NOTES ABOUT INGREDIENTS
1In a large, non-reactive pot, pour in lemon juice, buttermilk, and milk and stir to mix. Stir in herbs. The herbs will float at first but they will be mixed in as the cheese is kneaded later.
2Slowly heat the milk mixture to 90F. An inexpensive instant read thermometer works well for measuring the temperature of the milk.
3When the milk has reached 90F but is still less than 100F, stir in the dissolved rennet tablet. If you milk is too hot, let it cool back down to the 90s before adding the rennet. If you make a mistake at this point and overheat the rennet, your cheese may never fully come together but your fall back position is that you intended to make ricotta!
4Turn off the heat and stir briefly to fully mix in the rennet. Allow to sit until curds form, up to 30 minutes. What you are looking for is the curd and the whey to be totally separated. The whey will be a yellowish liquid with curd floating on top.

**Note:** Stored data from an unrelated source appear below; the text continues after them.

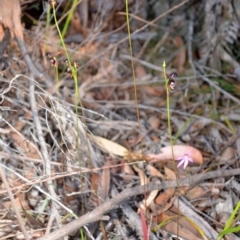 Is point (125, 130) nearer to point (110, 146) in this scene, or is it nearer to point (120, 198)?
point (110, 146)

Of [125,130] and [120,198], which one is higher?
[120,198]

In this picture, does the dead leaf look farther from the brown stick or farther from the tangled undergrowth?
the brown stick

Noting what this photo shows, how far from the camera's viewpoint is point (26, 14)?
2604mm

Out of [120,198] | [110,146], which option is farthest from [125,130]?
[120,198]

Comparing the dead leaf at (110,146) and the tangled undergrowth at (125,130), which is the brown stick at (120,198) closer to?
the tangled undergrowth at (125,130)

5Ideally, your curd will be one solid mass. If it is in small pieces more like cottage cheese you are likely on the way to making ricotta rather than solid cheese but such ricotta is wonderful on pasta. If your curd is one solid mass, this is called a "clean break."
6Cut the curd into cubes about 1 inch square. Don't worry too much if it falls apart a bit at this point. Turn the heat back on and,gently stirring, slowly bring to between 105F and 110F.